▸ What needs to be done
Only the lines from the one that contains "Manje od godinu" through the end of the entries, both included, should be transcribed, exactly and without pictures.

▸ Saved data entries
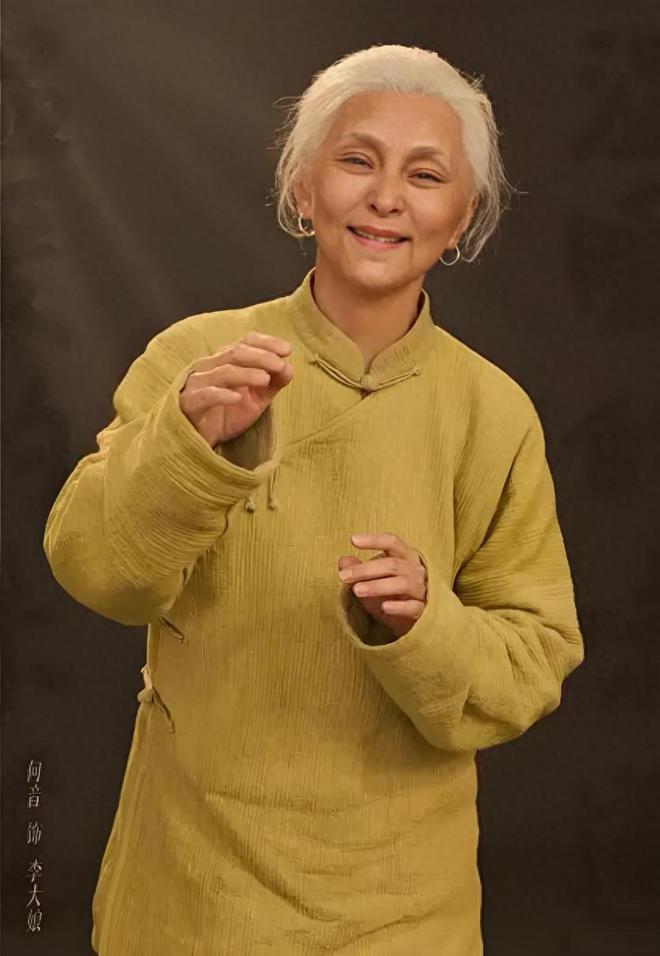 当红时下嫁黄志忠，被抛弃后再嫁小9岁同行，何音如今过得怎样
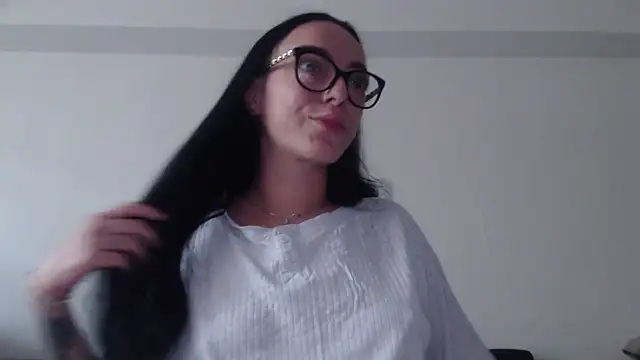 Snapshot of IzabelllNoir chatting on June 2026 08:49:02 AM IzabelllNoir online show from June 2026 08:49:02 AM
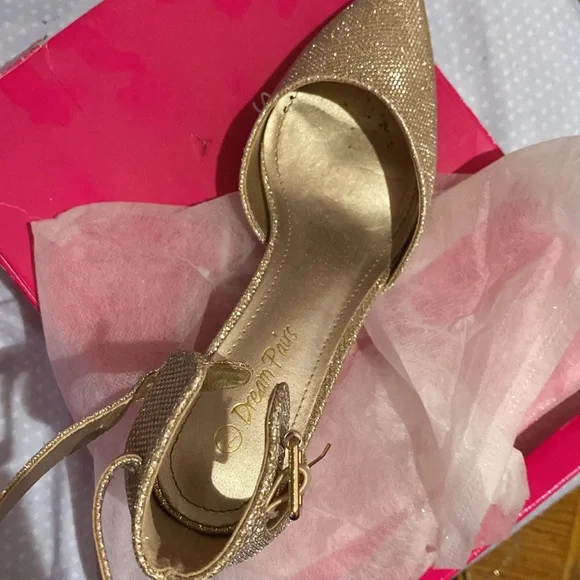 Elegant Gold Women's Heels - Picture 5 of 5
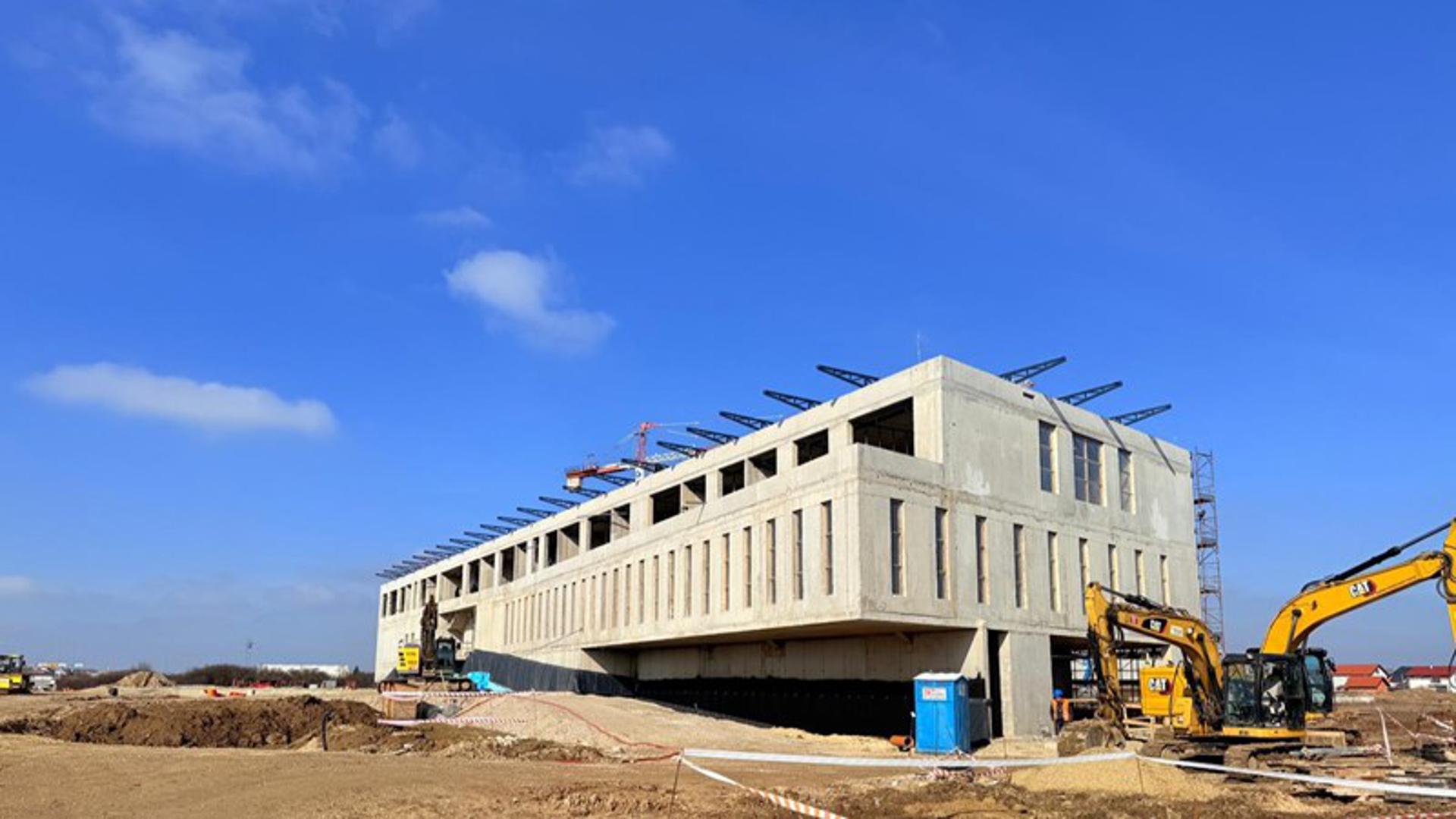 Manje od godinu dana nakon otvaranja gradilišta, budući kamp Hrvatskog nogometnog saveza u Velikoj Gorici poprimio je jasne obrise zahvaljujući odličnoj dinamici izvođenja radova.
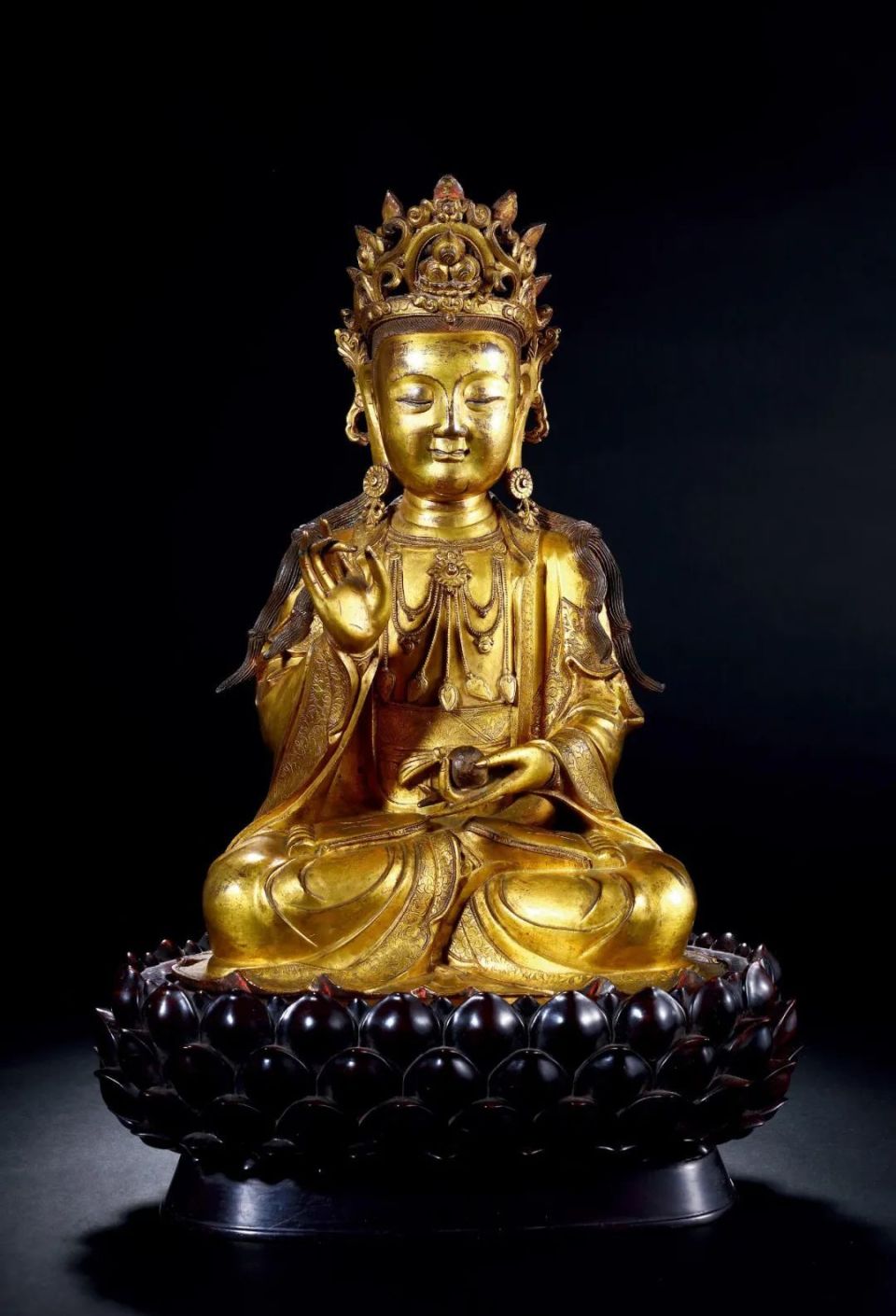 lot 6068明中期 铜鎏金观音菩萨h:39 cm估价:rmb 550,000 - 850,000此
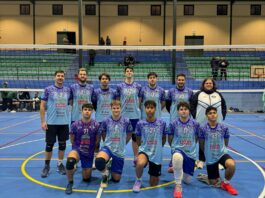 La Vega Vóley cae en el set de oro y se despide del ascenso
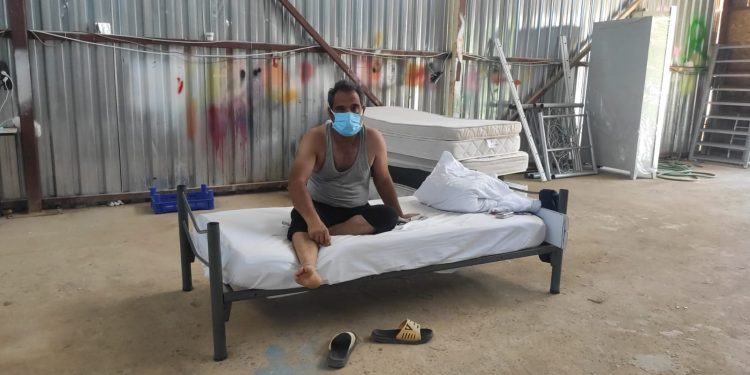 Koronavirüse yakalanan otel işçileri depoda tutuluyor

▸ Task response
 Manje od godinu dana nakon otvaranja gradilišta, budući kamp Hrvatskog nogometnog saveza u Velikoj Gorici poprimio je jasne obrise zahvaljujući odličnoj dinamici izvođenja radova.
 lot 6068明中期 铜鎏金观音菩萨h:39 cm估价:rmb 550,000 - 850,000此
 La Vega Vóley cae en el set de oro y se despide del ascenso
 Koronavirüse yakalanan otel işçileri depoda tutuluyor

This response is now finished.